Pakistańscy talibowie unieszkodliwieni
Pakistańscy talibowie, którzy przez ostatnie siedem lat terroryzowali Azję Płd. od Kabulu po Bombaj, a w piątek poinformowali, że zestrzelili śmigłowiec z dyplomatami w Gilgicie, zostali rozbici przez pakistańskie wojsko i na razie nie stanowią zagrożenia.

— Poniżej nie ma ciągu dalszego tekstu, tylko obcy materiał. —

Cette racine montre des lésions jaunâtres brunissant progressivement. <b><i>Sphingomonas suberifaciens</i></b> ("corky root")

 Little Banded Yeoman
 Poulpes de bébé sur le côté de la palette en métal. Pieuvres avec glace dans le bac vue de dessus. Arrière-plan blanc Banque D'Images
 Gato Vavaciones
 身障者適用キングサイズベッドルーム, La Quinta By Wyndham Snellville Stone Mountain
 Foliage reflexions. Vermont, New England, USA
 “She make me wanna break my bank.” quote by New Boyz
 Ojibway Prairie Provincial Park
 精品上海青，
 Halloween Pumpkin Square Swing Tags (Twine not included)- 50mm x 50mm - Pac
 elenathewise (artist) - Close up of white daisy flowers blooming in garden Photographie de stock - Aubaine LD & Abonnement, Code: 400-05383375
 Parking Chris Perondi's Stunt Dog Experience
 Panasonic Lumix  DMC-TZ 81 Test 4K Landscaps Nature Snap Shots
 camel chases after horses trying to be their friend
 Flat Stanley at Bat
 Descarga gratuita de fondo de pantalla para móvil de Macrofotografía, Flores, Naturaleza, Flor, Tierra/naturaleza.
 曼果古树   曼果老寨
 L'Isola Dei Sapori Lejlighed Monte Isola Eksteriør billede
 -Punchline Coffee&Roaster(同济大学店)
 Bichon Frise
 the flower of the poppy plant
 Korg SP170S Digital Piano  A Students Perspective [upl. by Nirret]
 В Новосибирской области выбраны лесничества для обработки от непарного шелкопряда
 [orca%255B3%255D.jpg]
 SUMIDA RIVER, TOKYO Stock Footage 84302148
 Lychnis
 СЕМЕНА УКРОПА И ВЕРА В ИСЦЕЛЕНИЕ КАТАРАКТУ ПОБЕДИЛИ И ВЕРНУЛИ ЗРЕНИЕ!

Bojownicy ci wyrośli na jedną z najgroźniejszych organizacji terrorystycznych na świecie wskutek amerykańskiej inwazji na Afganistan jesienią 2001 roku. Początek dali im zwolennicy ich afgańskich imienników, odsuniętych przez Amerykanów od władzy w Kabulu. W Islamabadzie, Karaczi, a przede wszystkim na afgańsko-pakistańskim pograniczu sympatycy afgańskich talibów zbierali dla nich pomoc i werbowali ochotników na wojnę z Amerykanami.
Nie chcąc ryzykować z nimi konfliktu, a także, by ocalić swoich dawnych protegowanych, władze Pakistanu udzieliły u siebie schronienia afgańskim talibom, choć formalnie pozostawały najważniejszym sprzymierzeńcem USA w afgańskiej wojnie. Korzystając z bierności władz, pakistańscy talibowie próbowali zaprowadzać u siebie porządki do tych, jakie panowały w Afganistanie pod rządami talibów.
Dopiero w 2007 roku przymuszony przez Zachód ówczesny prezydent Pervez Musharraf rozkazał swojemu wojsku dokonać pacyfikacji Czerwonego Meczetu w Islamabadzie, głównej kwatery pakistańskich talibów. Doszło do rzezi, a talibowie wypowiedzieli władzom w Islamabadzie wojnę.
Szacuje się, że od 2007 roku w wyniku zamachów i zbrojnych rajdów miejscowych talibów, w Pakistanie mogło zginąć nawet 50 tys. ludzi. Najkrwawszym rokiem okazał się rok 2009, kiedy to talibowie dokonali prawie 100 samobójczych zamachów bombowych i zabili ponad 12,5 tys. ludzi.
Mimo nacisków Zachodu, Pakistan długo wzbraniał się przed rozprawą z talibami. Wspierał po cichu tych spośród nich, którzy koncentrowali się na wojnie z Zachodem w Afganistanie, zaś występował przeciwko tym, którzy za swój główny cel uznawali władze w Islamabadzie. Na tych właśnie talibów pakistańscy wojskowi nasyłali amerykańskie bezzałogowe samoloty, które zabijały kolejnych partyzanckich dowódców.
W piątkowej katastrofie śmigłowca w Pakistanie zginęło sześć osób, w tym ambasador Norwegii i ambasador Filipin. Ranny został ambasador Polski w Islamabadzie Andrzej Ananicz. Talibowie poinformowali, że to oni zestrzelili śmigłowiec.